Les chasseurs de temps 1
Un
petit retour en celtitude avec une légende (en deux parties)
rapportée par Jean Markale dans lun de ses ouvrages « Contes et
légendes des pays celtes »
A
cette époque, dans le comté de Fife, il y avait un jeune seigneur du
nom de Kenneth. Courageux, élégant et plein de finesse, il avait su
conquérir l'estime de tous par sa noble conduite et sa grande
bienveillance envers les pauvres. Il était tombé amoureux de la belle
Rionna, une orpheline de bonne famille qui résidait en son château de
Glendevon, juste au dessous des Ochil. Celle-ci l'aimait passionnément
et ne pensait qu'au jour où tous deux pourraient enfin se marier.

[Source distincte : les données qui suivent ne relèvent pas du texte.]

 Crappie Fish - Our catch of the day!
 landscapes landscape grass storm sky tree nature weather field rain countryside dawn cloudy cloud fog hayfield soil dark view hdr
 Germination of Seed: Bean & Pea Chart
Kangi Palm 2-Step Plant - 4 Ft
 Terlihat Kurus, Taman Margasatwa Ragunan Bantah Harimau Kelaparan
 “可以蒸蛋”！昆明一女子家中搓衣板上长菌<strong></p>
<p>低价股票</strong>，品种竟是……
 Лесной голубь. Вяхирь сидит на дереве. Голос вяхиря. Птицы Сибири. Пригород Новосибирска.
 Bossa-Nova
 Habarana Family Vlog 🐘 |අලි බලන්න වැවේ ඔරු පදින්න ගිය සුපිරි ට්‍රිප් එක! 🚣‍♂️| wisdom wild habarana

La date du mariage fut fixée et la veille du mariage il s'en alla
visiter sa fiancée à Glendevon pour lui annoncer la nouvelle. La joie
envahit le coeur de la jeune fille et elle avoua que, depuis des
semaines, elle se tenait prête. Kenneth lui dit qu'il reviendrait la
chercher le lendemain matin pour l'emmener à Kinross où devait avoir
lieu la cérémonie, au milieu d'une belle compagnie de jeunes seigneurs
et de belles dames qui leur témoigneraient leur grande amitié.
La
nuit commençait à s'épaissir et Kenneth ne pouvait se résoudre à
quitter Riona. Mais il avait encore du chemin à faire pour regagner son
propre logis. Il se décida enfin à partir, s'arrachant avec peine aux
bras de Riona, et il monta sur son cheval qui piaffait
d'impatience.Riona se tenait à la fenêtre, au dessus de la porte de son
manoir. Elle se pencha pour profiter encore de la présence de celui
qu'elle aimait.
-Doux ami
dit-elle, il est temps pour toi de partir, mais je ne suis pas triste,
car je sais que, demain matin, tu serras là à la première heure. je
guetterai ton arrivée à cette même fenêtre.

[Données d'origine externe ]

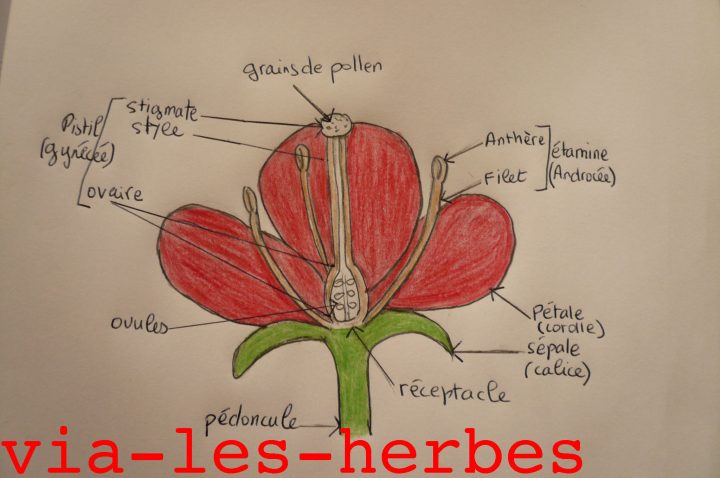 Les Plantes De La Famille Des Astéracées | Via-Les-Herbes concernant Schéma D Une Fleur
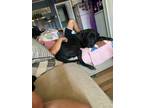 Adopt Dakota a Black - with White Great Dane / Cane Corso / Mixed dog in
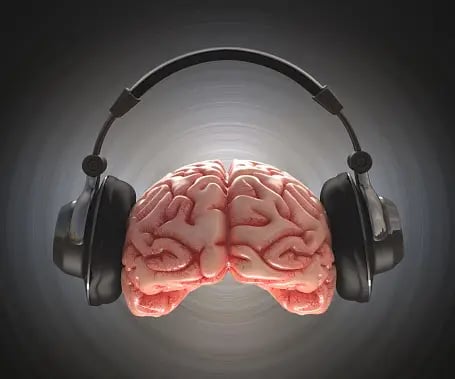 brain on music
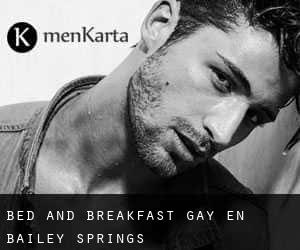 Bed and Breakfast Gay en Bailey Springs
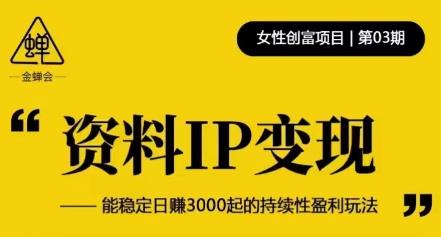 资料IP变现，能稳定日赚3000起的持续性盈利玩法-瀚海资源库
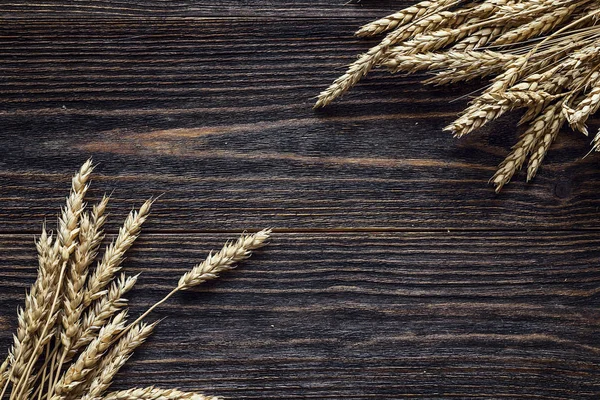 Arka plan buğday koyu ahşap kurullarında kulaklı.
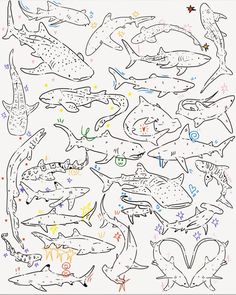 a drawing of many different types of animals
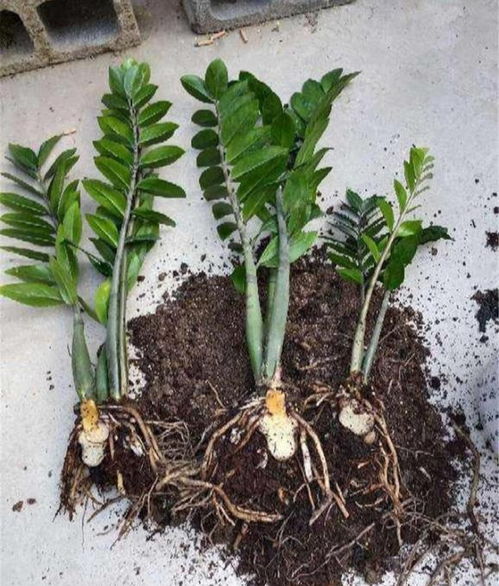 五、 繁殖技术：分株与扦插两大路径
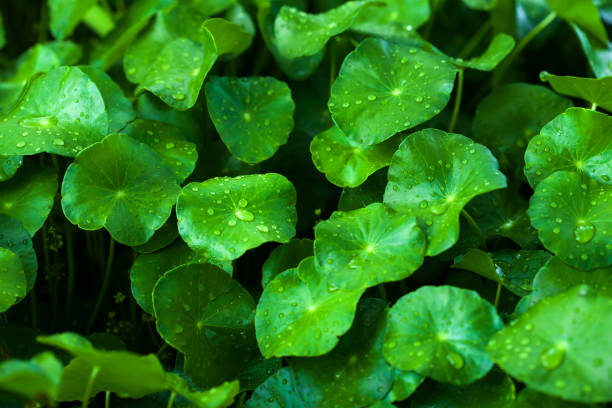 istock Fresh lush Gotu Kola leaves with water drops. 1201863209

-Sur ma foi, répondit le jeune homme, je serrai là dès les premières lueurs du jour, sois-en certaine.
-Oui
je t'attendrai avec impatience, mon cher seigneur. Et s'il le fallait,
je demeurerai à cette place pour te guetter jusqu'à ce que mes cheveux
bruns qui te plaisent tant soient devenus crinière d'argent.
A cette évocation, le jeune homme éclata de rire.
-Belle amie! s'écria-t-il, point n'est besoin d'attendre si longtemps! nos amis seront prêts et nous ne pouvons les décevoir!
Sur ce, après un dernier signe de la main, le jeune homme éperonna son
cheval, et celui-ci bondit, galopant dans la nuit qui devenait
maintenant très dense. Kenneth connaissait Fort bien le chemin, car il
l'avait parcouru bien souvent de jour comme de nuit. Mais il lui
fallait chevaucher jusqu'à la minuit passée pour regagner son logis où
il ne pourrait se reposer que fort peu de temps s'il voulait être
fidèle à sa promesse. Cela ne l'inquiétait pas outre mesure,
d'ailleurs, car son bonheur était tel qu'il se sentait capable de
supporter toutes les fatigues pour l'amour de Riona.La lune n'était pas
encore levée, mais la nuit était douce et une brise légère caressait le
visage du jeune homme, toute parfumée des senteurs qu'exhalaient les
nouvelles fleurs du printemps. Il chantait une vielle chanson du temps
jadis, et son cheval bondissait allègrement sur le chemin, sautant par
dessus les les taillis et les ruisseaux, quittant un vallon pour
s'engager sur le flanc d'une colline et traversant un bois pour
pénétrer dans une plaine.Il venait de quitter un bois sombre quant il
entendit soudain, non loin de là, une éclatante fanfare de vénerie.
Quelque peu surpris, il fit arrêter son cheval. Qui pouvait bien
chasser ainsi à pareille heure dans une obscurité des plus complète? Il
ne put résister au désir de savoir qu'elle était cette chasse et de la
suivre, ne serait-ce qu'un certain temps. Ainsi n'aurait-il nul besoin
de rentrer chez lui: il reviendrait directement à Glendevon pour
retrouver sa fiancée.
A vive allure, il se dirigea vers l'endroit
d'où provenait le son des trompes. bientôt, devant lui, la forêt
s'illumina d'une lueur extraordinaire qui semblait venir du fond de la
terre, comme si le reflet rougeoyant d'un foyer intérieur embrassait
les sous-bois. Et, en approchant davantage, il aperçut, derrière les
troncs des chênes, au milieu d'une vaste clairière, tout un équipage de
chasse, dont les participants étaient vêtus de grands manteaux noirs.
Celui qui paraissait leur chef était un vieux gentilhomme fort
maigre, recouvert d'un manteau semblable. Dès qu'il vit Kenneth, il lui
fit, du bout de sa cravache, un signe d'accueil très cordial bien que
quelque peu protecteur. Ce gentilhomme montait, sans selle ni
carapaçon, un superbe cheval tartare, d'un noir immaculé, dont les
muscles frémissaient sous l'étrange lumière qui éclairait la clairière.
Autour de lui, il y avait des valets de chiens qui retenaient avec
effort une meute dont l'impatience était manifeste.